Material to process below:

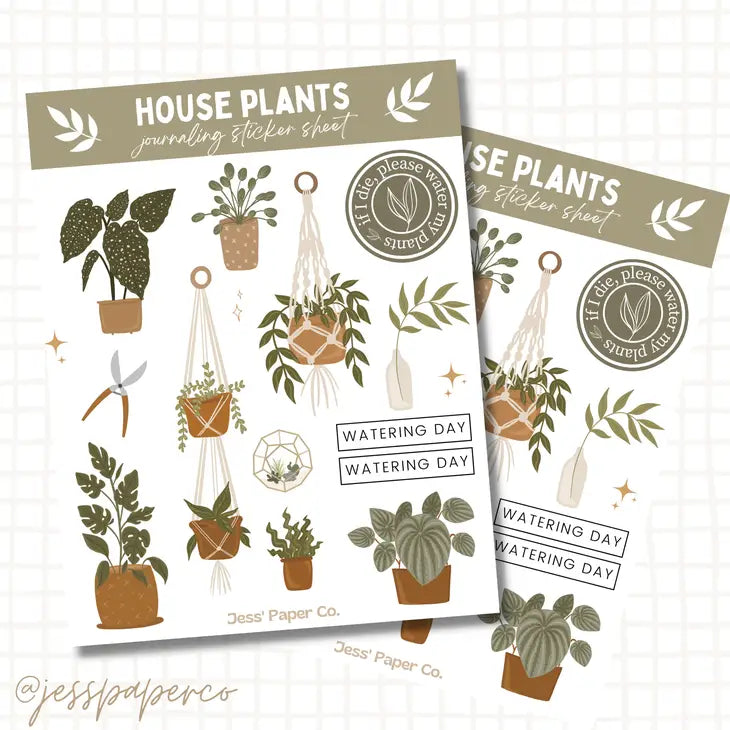 House Plant Sticker Sheet Home Goods Jess' Paper Co.   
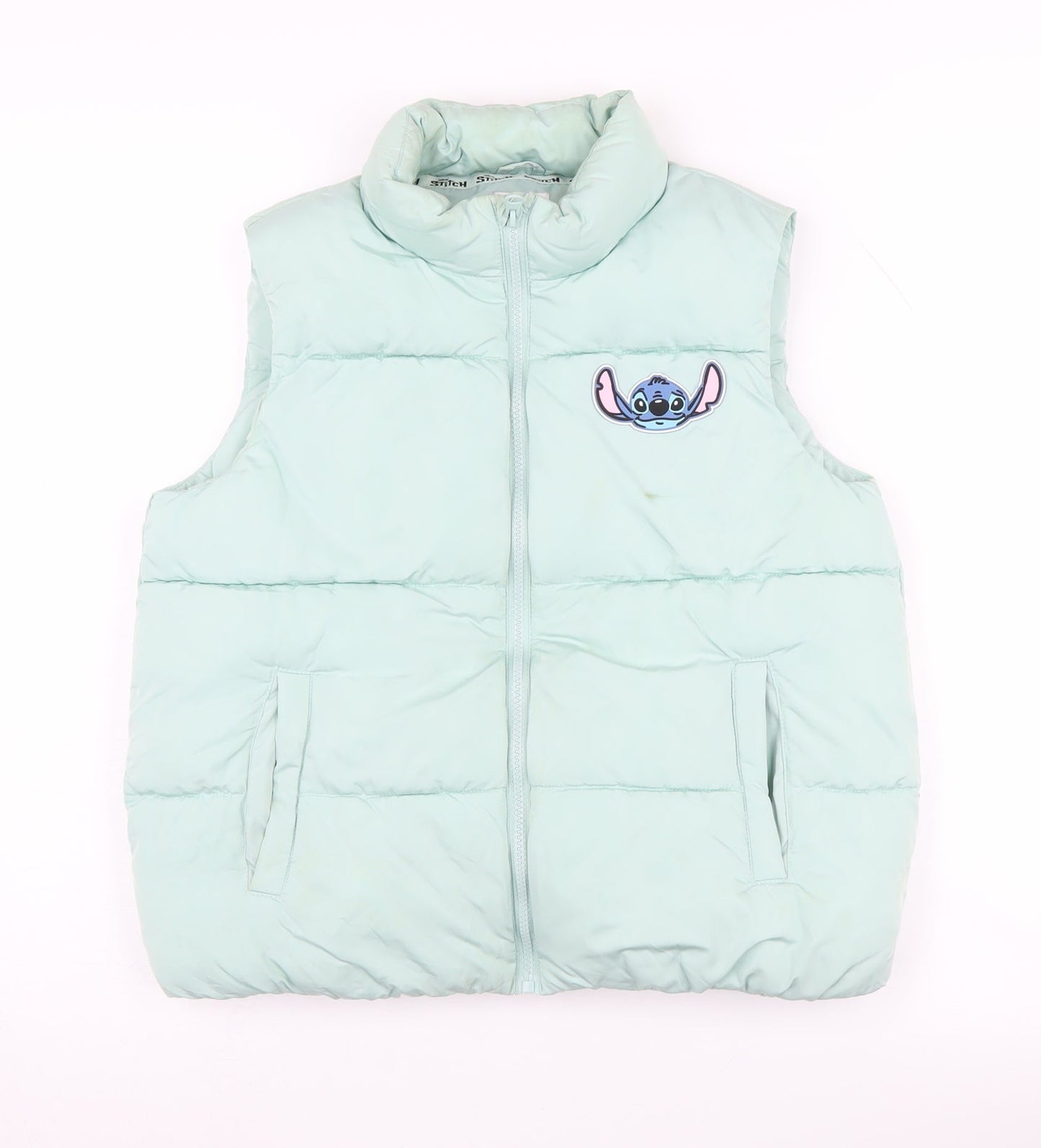 Disney Stitch Girls Green Puffer Jacket 12-13 Years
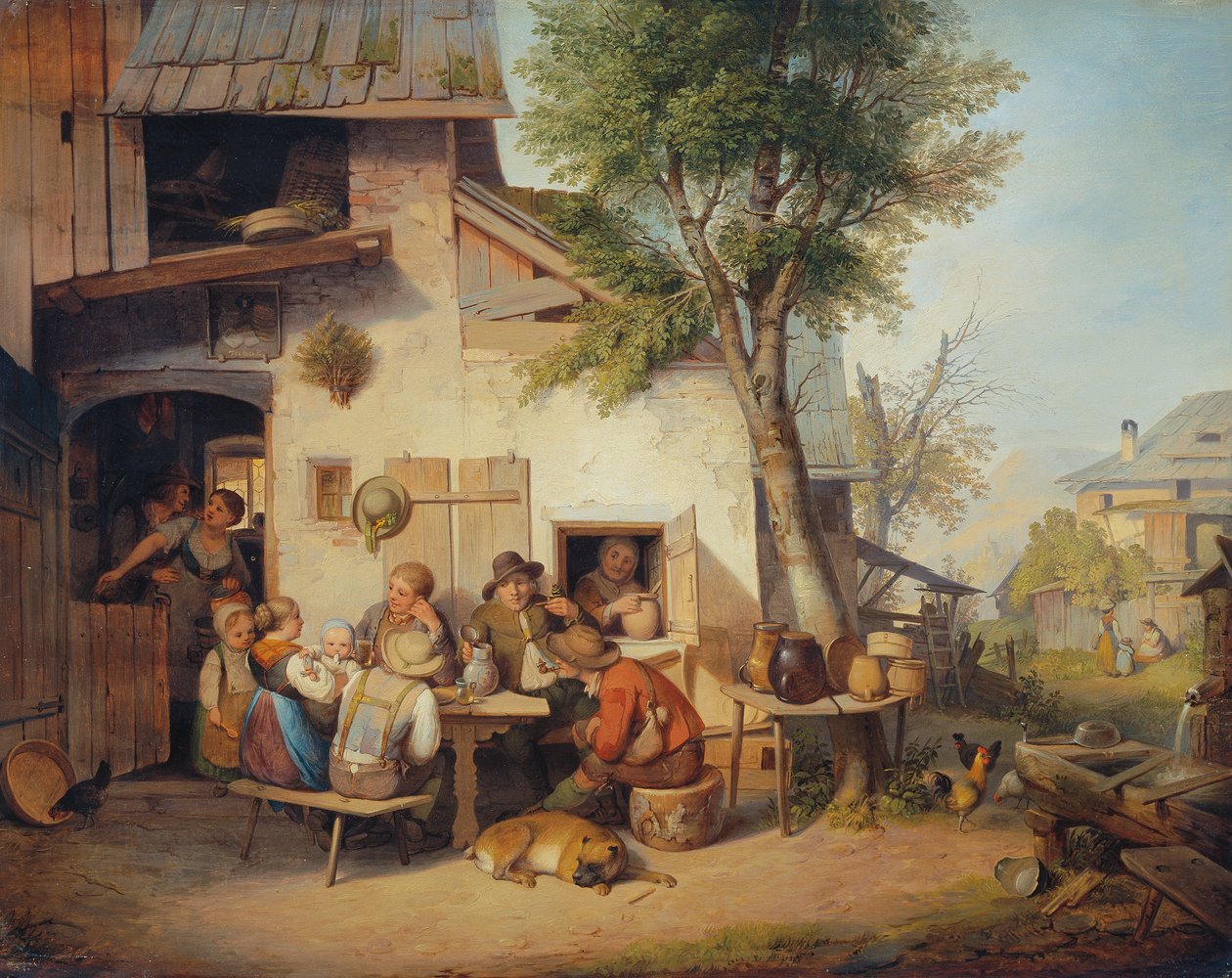 Voor de Dorpsherberg door Ignaz Raffalt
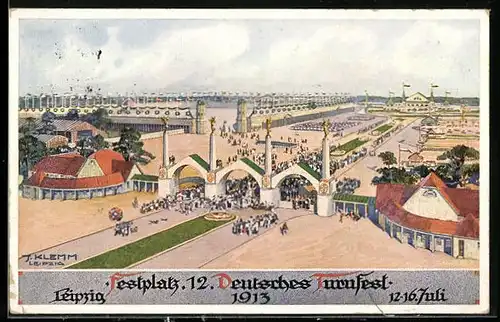 Künstler-AK Leipzig, Festplatz beim 12. Deutschen Turnfest 1913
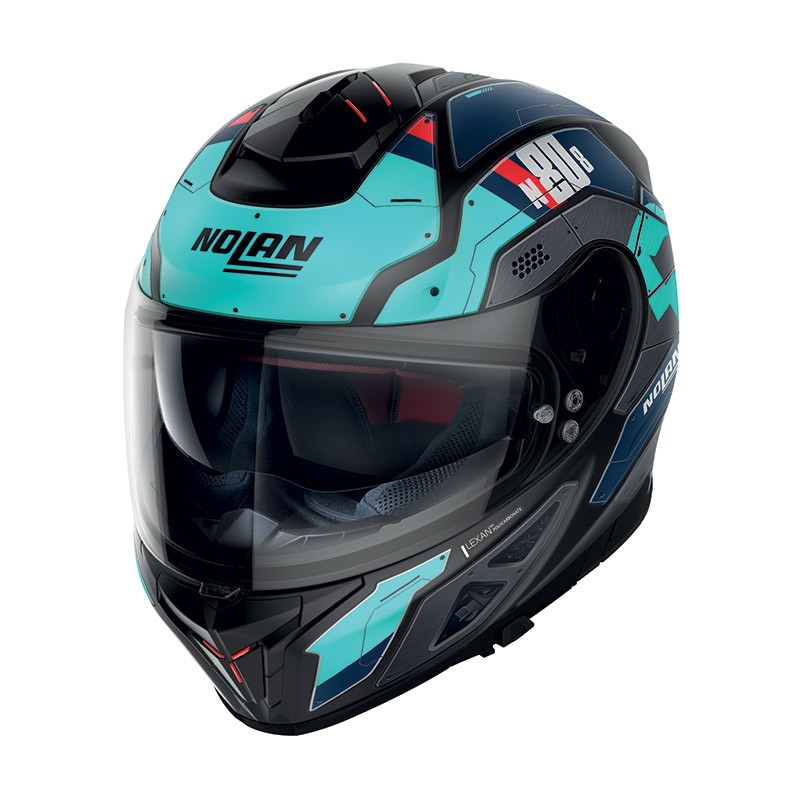 Casco integrale Nolan N80.8 Starscream flat black azzurre helmet casque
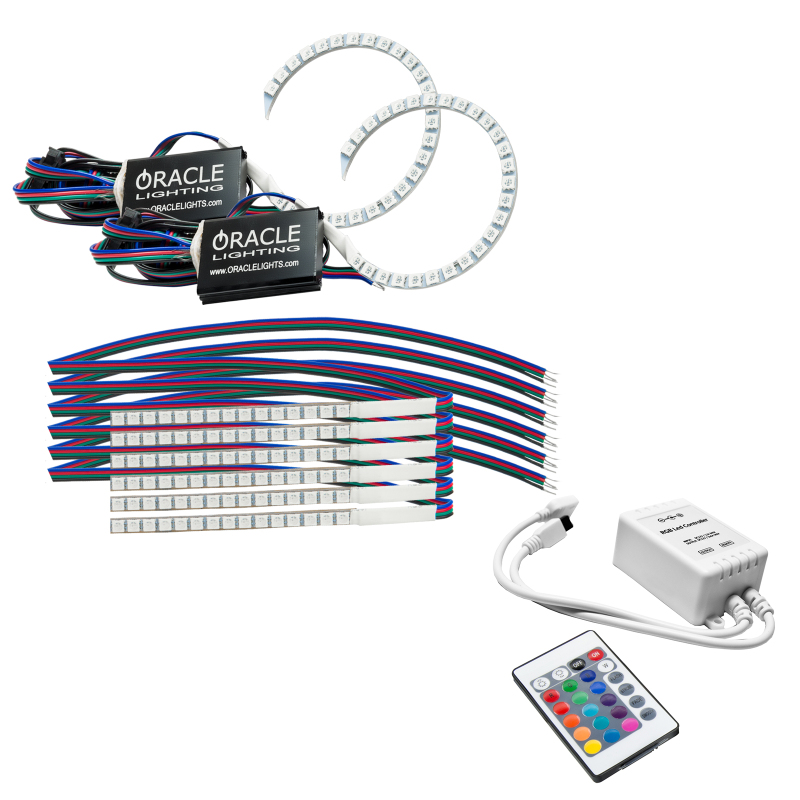 Oracle 18-21 Ford Mustang DRL Upgrade w/ Halo Kit - ColorSHIFT w/ Simple Controller SEE WARRANTY - 1348-504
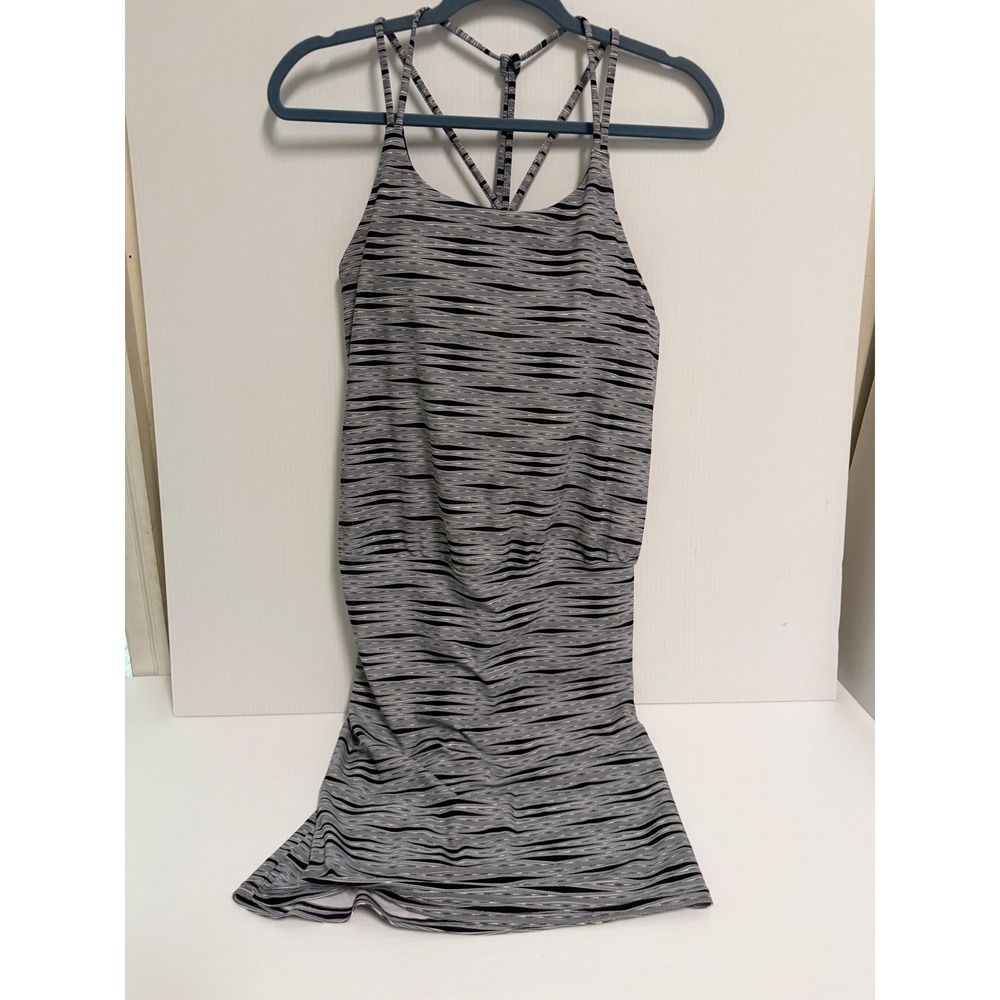 Athleta Strappy Racerback Active Dress Black White Wave Print Small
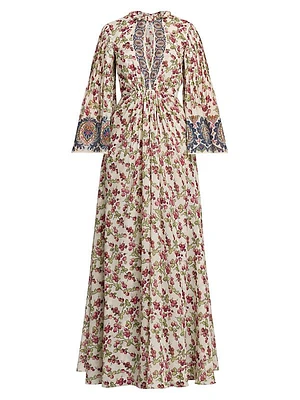 Berry Print Silk Kimono Gown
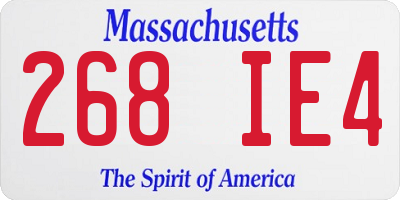 MA license plate 268IE4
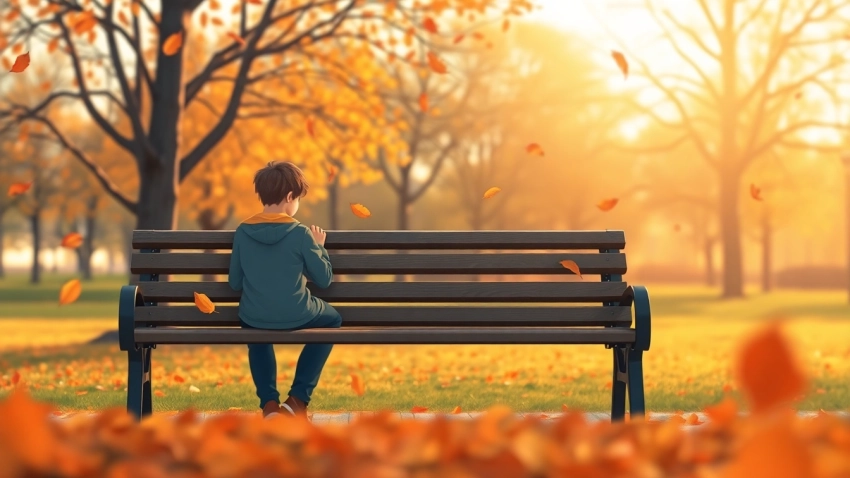 Person reflecting on a relationship breakup in a tranquil park setting, surrounded by autumn leaves.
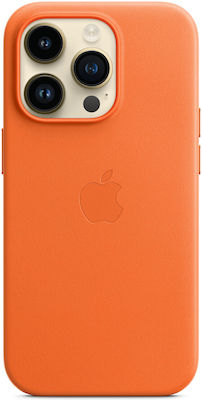 Apple Leather Case with MagSafe Umschlag Rückseite Leder Orange (iPhone 14 Pro) MPPL3ZM/A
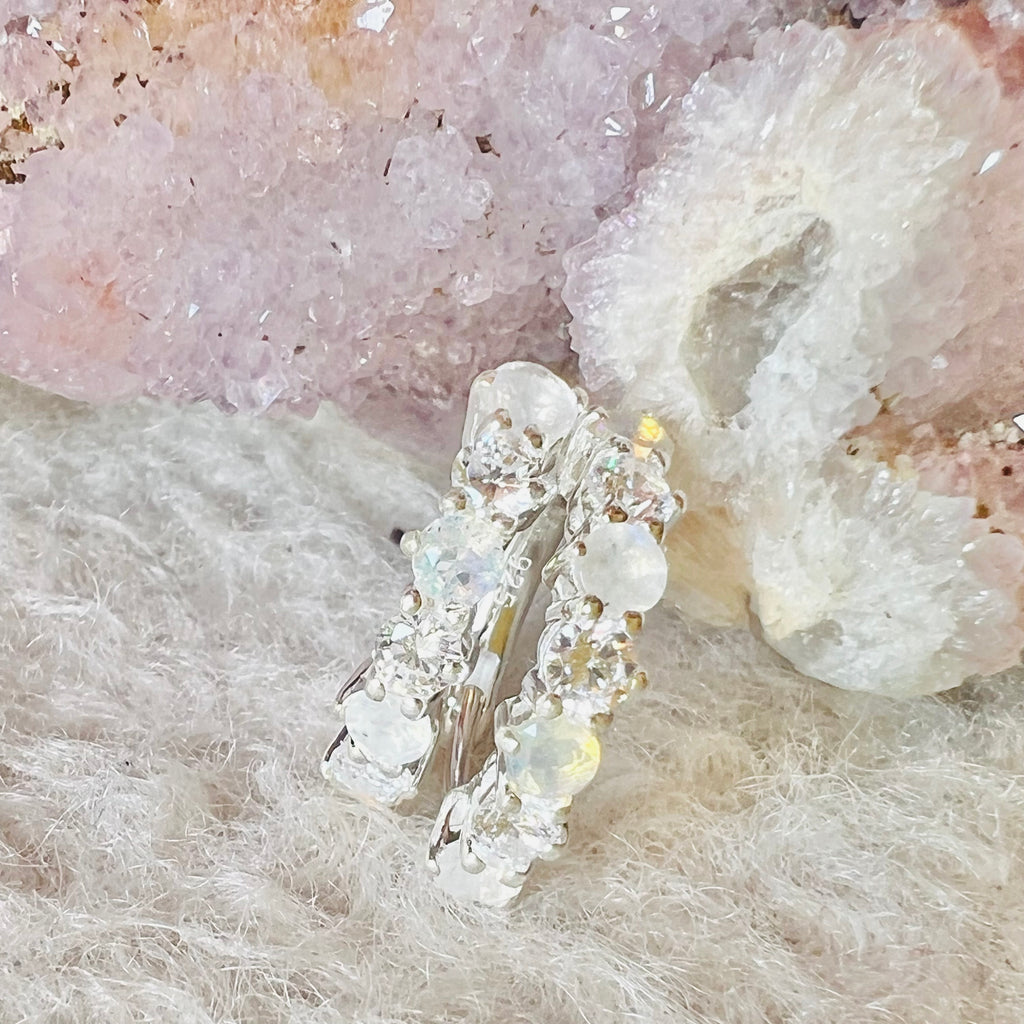 Cercei stud opal si piatra lunii din argint Hoop, druzy.ro, pietre semipretioase 1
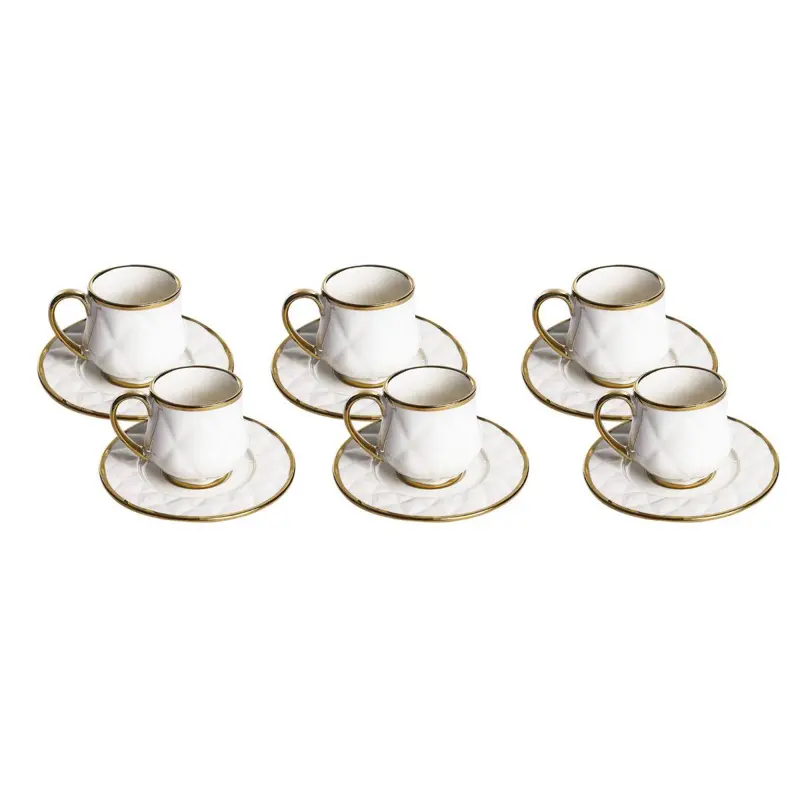 طقم القهوة الملكي "جولد إيليجانس" 12 قطعة من البورسلين المستورد بحامل معدن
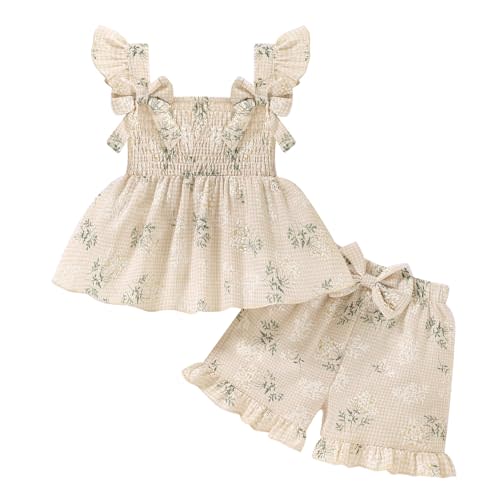 YOUNGER TREE Toddler Girl Clothes Baby Girls Ruffle Sleeveless Bowknot Dress Tops Shorts Set Cute Summer Kids Outfits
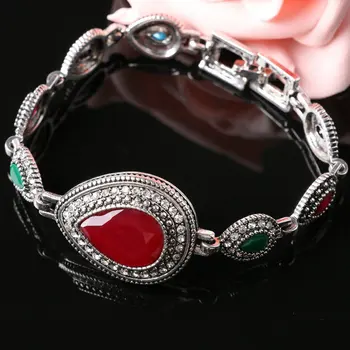 Turecký Láska Náramky Vintage Etnických Šperky Zlatá Farba Pulseira Červený Náramok Femininas Náramok Acessorios Para Mulher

End of Material to process.

Brief — Leave out the images and write out the lines above exactly, from the one with "Oracle 18-21 Ford" up to and including the one with "YOUNGER TREE Toddler".

Response for this exercise —
 Oracle 18-21 Ford Mustang DRL Upgrade w/ Halo Kit - ColorSHIFT w/ Simple Controller SEE WARRANTY - 1348-504
 Athleta Strappy Racerback Active Dress Black White Wave Print Small
 Berry Print Silk Kimono Gown
 MA license plate 268IE4
 Person reflecting on a relationship breakup in a tranquil park setting, surrounded by autumn leaves.
 Apple Leather Case with MagSafe Umschlag Rückseite Leder Orange (iPhone 14 Pro) MPPL3ZM/A
 Cercei stud opal si piatra lunii din argint Hoop, druzy.ro, pietre semipretioase 1
 طقم القهوة الملكي "جولد إيليجانس" 12 قطعة من البورسلين المستورد بحامل معدن
 YOUNGER TREE Toddler Girl Clothes Baby Girls Ruffle Sleeveless Bowknot Dress Tops Shorts Set Cute Summer Kids Outfits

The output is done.